- **Activity**
Every line below should be copied exactly; drop the pictures.

- **Provided data**
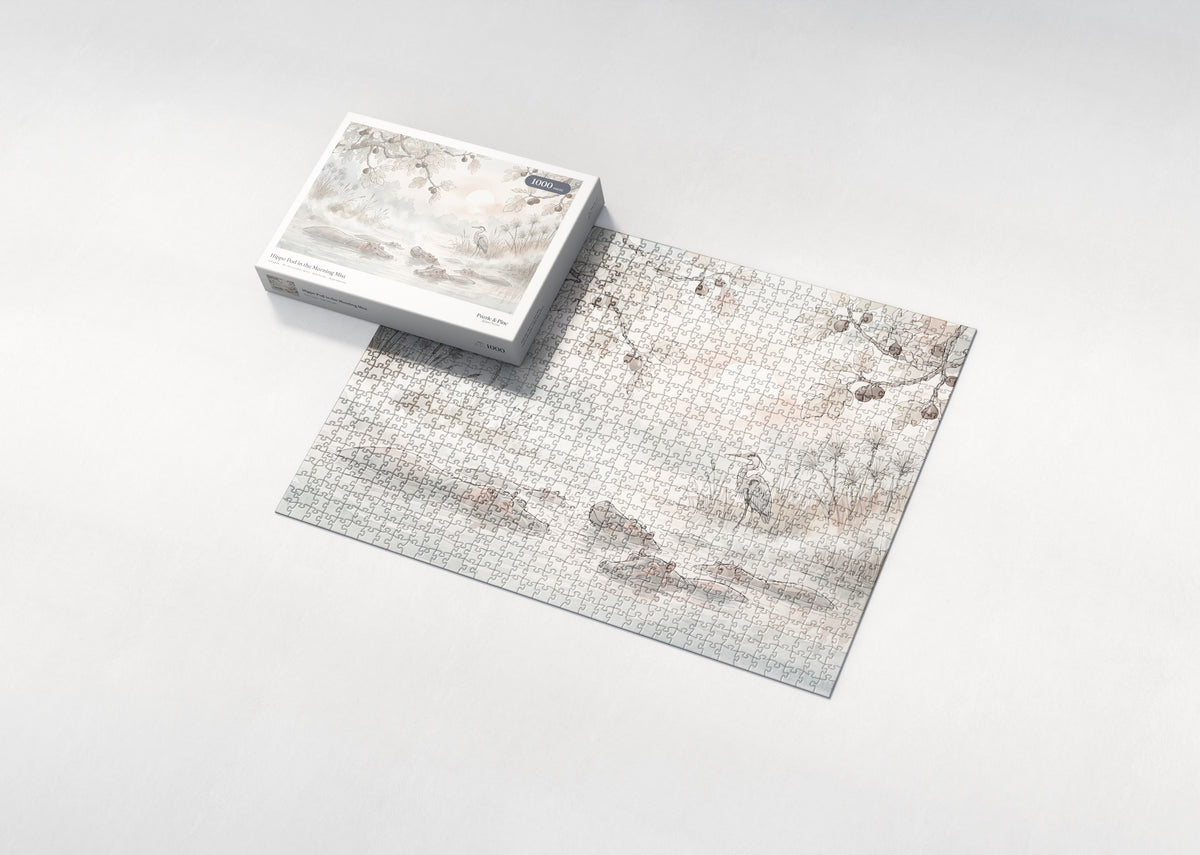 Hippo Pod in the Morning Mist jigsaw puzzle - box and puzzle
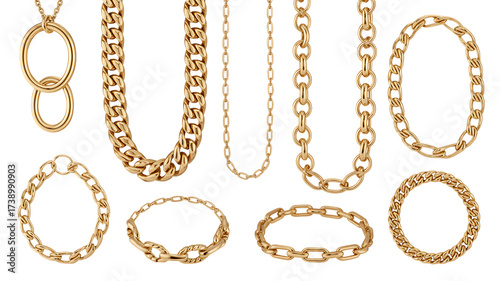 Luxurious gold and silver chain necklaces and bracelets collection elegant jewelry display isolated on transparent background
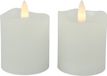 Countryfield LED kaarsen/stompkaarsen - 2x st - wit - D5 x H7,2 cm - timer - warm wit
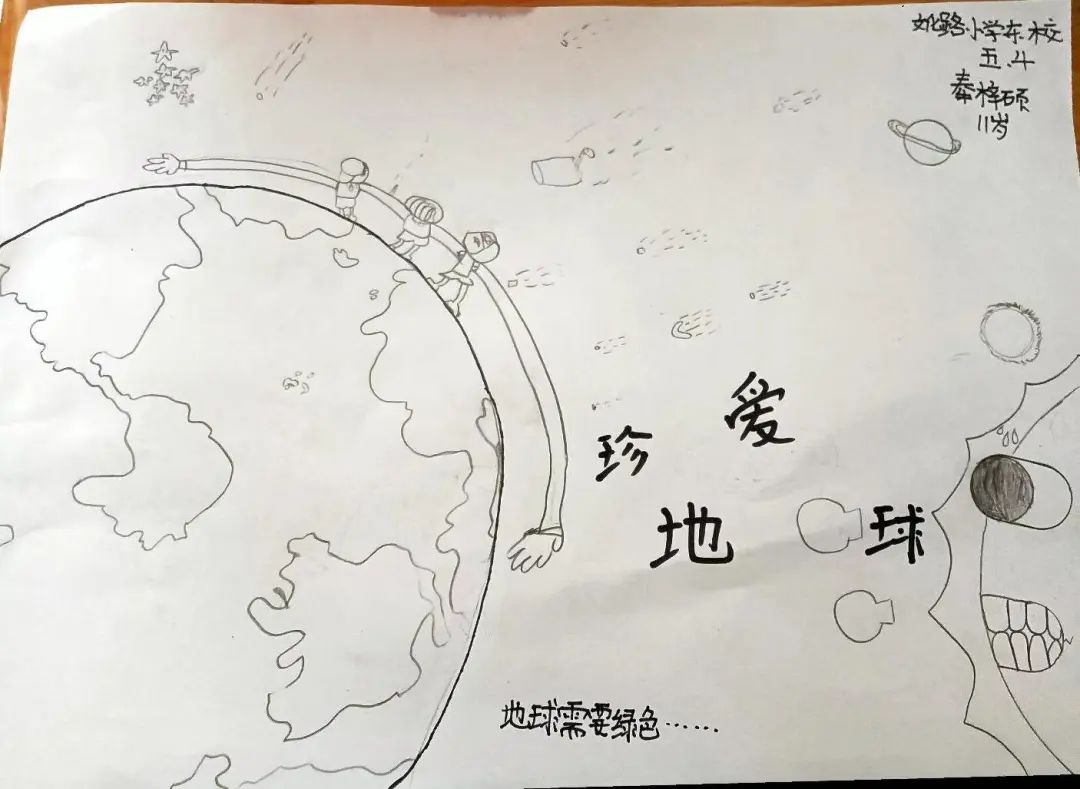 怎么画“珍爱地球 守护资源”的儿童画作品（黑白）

- **Solved problem**
 Hippo Pod in the Morning Mist jigsaw puzzle - box and puzzle
 Luxurious gold and silver chain necklaces and bracelets collection elegant jewelry display isolated on transparent background
 Countryfield LED kaarsen/stompkaarsen - 2x st - wit - D5 x H7,2 cm - timer - warm wit
 怎么画“珍爱地球 守护资源”的儿童画作品（黑白）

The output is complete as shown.